A redated post.
This is a follow-up to my previous post, The Concept of Matter
I see a fundamental problem that is going to plague any materialist account of the mind. Materialists often piggy-back the case for materialism on the success of reductive analyses in science. But let's take one of the most successful scientific reductions, the reduction of heat in a gas to the mean kinetic energy of that gas. From one perspective, this reduction appears to explain heat away, in particular the element of heat that feels warm. By knowing that the air molecules are moving faster we can infer nothing about the fact that people are more likely to take their jackets off when that happens. They also feel warmer. But that, says science, is not an intrinsic feature of heat that is what happens to human minds in the face of heat. By siphoning off secondary qualities to the mind, the mechanistic reduction of heat is enabled. But when we get to the mind, we have no place to siphon of the "mental" properties.
Edward Feser writes:
One result of this is that materialists have, in the view of their critics, a tendency to give accounts of mental phenomena that leave out everything essential to them: qualia, consciousness, thought and intentionality get redefined in physicalistic terms, with the consequence that materialist analyses convey the impression that the materialist has changed the subject, and failed genuinely to explain the phenomenon the analysis was supposed to account for. This is arguably the deep source of the difficulties that have plagued materialist philosophies of mind. If the materialist conception of explanation entails always stripping away from the phenomenal to be accounted for anything that smacks of subjectivity, meaning, or mind-dependence, then a materialist “explanation” of the mind itself will naturally seem to strip away the very essence of the phenomena to be explained. Being, at bottom, attempts to explain the mental in terms that are intrinsically non-mental, such would-be explanations appear implicitly to deny the mental; that is to say, they end up being disguised forms of eliminative materialism. Some professedly non-eliminativist philosophers of mind come close to admitting this: Fodor, for instance, has famously written that “If aboutness (that is, intentionality) is real, it must really be something else.”
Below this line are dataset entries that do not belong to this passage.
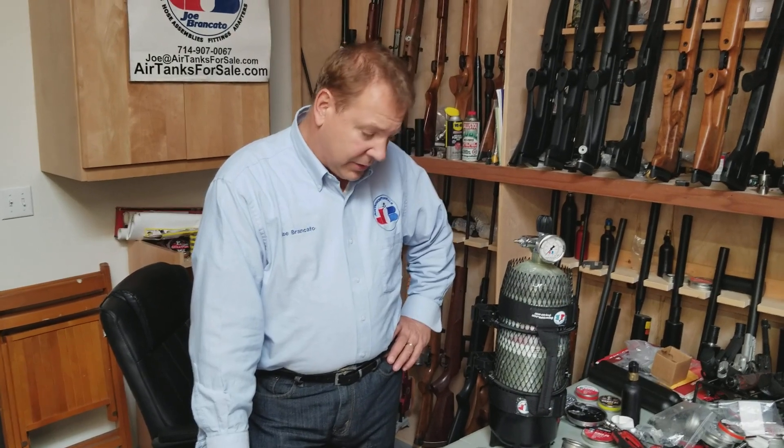That's about all I have to say. Take care, God bless, have a great day. Don't forget our Facebook page, Airtanks4Sale, as well as our YouTube channel, The Airgun Scientist — please like those pages and follow them. Our YouTube has a lot of discounts that we always offer, and we'll be posting this video on The Airgun Scientist. So if you follow and like our page on YouTube, you'll be hooked up. Take care, God bless, from Joe Brancato, The Airgun Scientist.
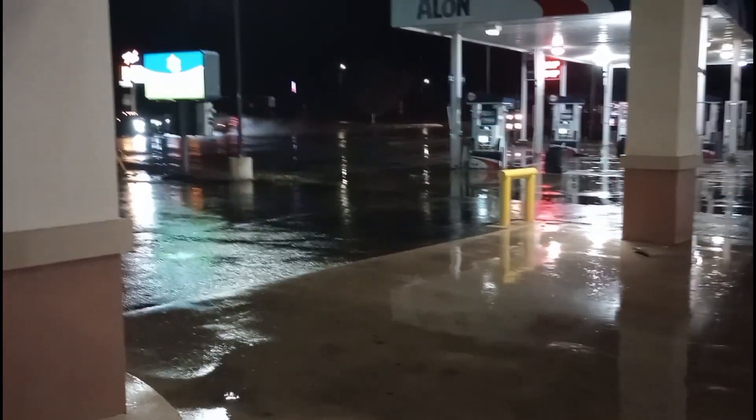Rainy, rainy, rainy here at the Hitchell. Everybody's still moving as normal though. It was really coming down bad just a little while ago.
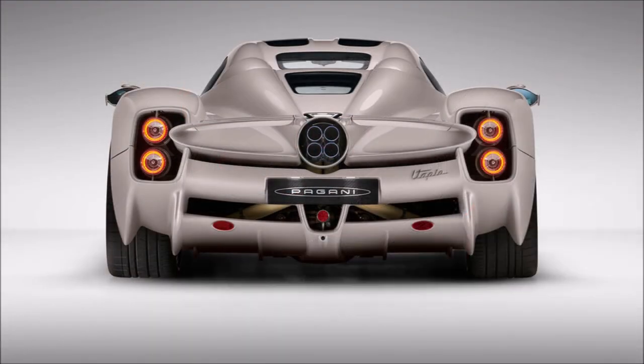The rear shows a gentle diffuser with small strakes to keep the tire wake outside. The openings for the hot air are relatively small, but as we saw before, hot air can also exit through the taillight area.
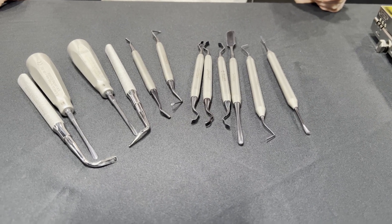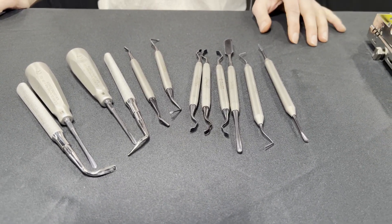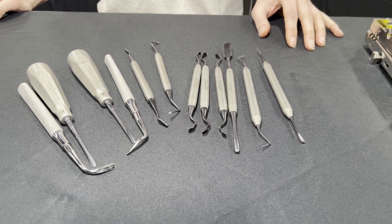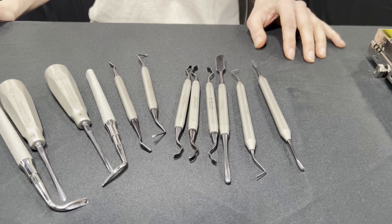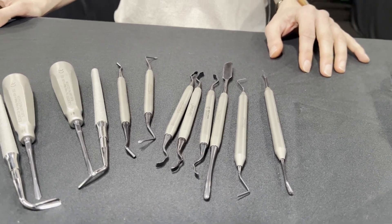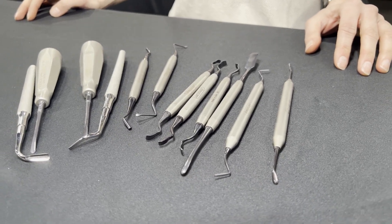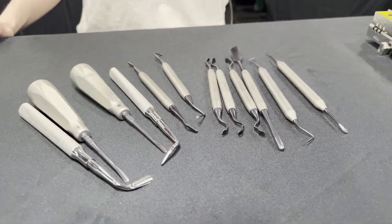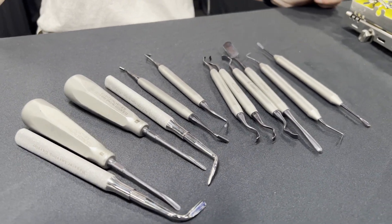Being able to actually see it when it's subgingival is another bonus. And the lubricity is great — no one likes to have clumpy stuff on their instruments. Clumpiness is something that we try to avoid. No one wants to have those little rocks coming out of hygiene or out of the sterilizer — it's not good.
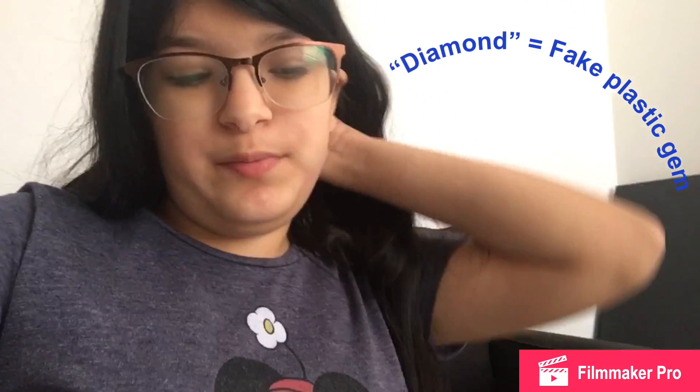Hello all here today. It's pretty boring so I'm just going to make a video. I've been doing this really cool little hobby. It's called diamond painting. It's really interesting.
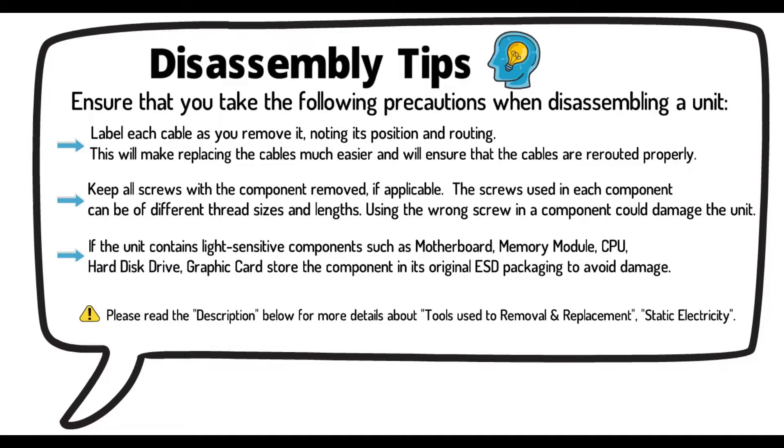Keep all screws with the component removed, if applicable. The screws used in each component can be of different thread sizes and lengths. Using the wrong screw in a component could damage the unit.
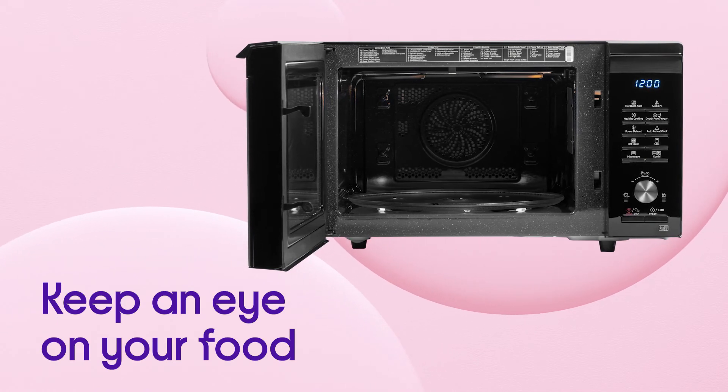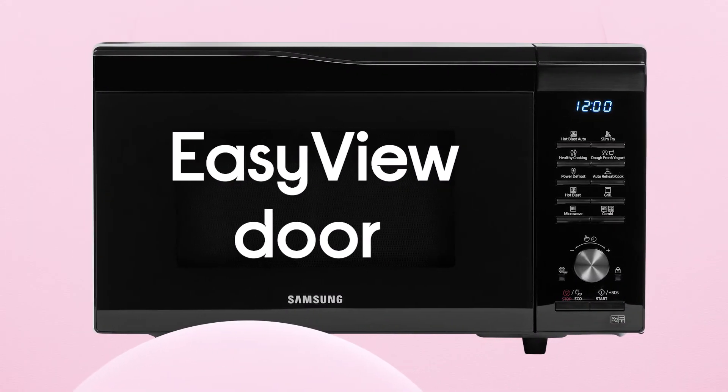You can easily keep an eye on your food while it cooks and monitor its progress using the handy Easy View door.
A Short Introduction to the Philosophy of Mind (Oxford; Oneworld, 2005) pp. 172-173,
This results in an interesting phenomenon; materialist philosophers attempt to give an account of some mental phenomenon. But either they implicitly bring in the very concepts they are trying to explain materialistically, or they give an account of the mental phenomenon in which the phenomenon to be explained isn’t recognizable. A good example would be Richard Carrier’s critique of my book where time after time he claims that intentionality can be explained in physicalistic terms while using one intentional concept after another to explain intentionality!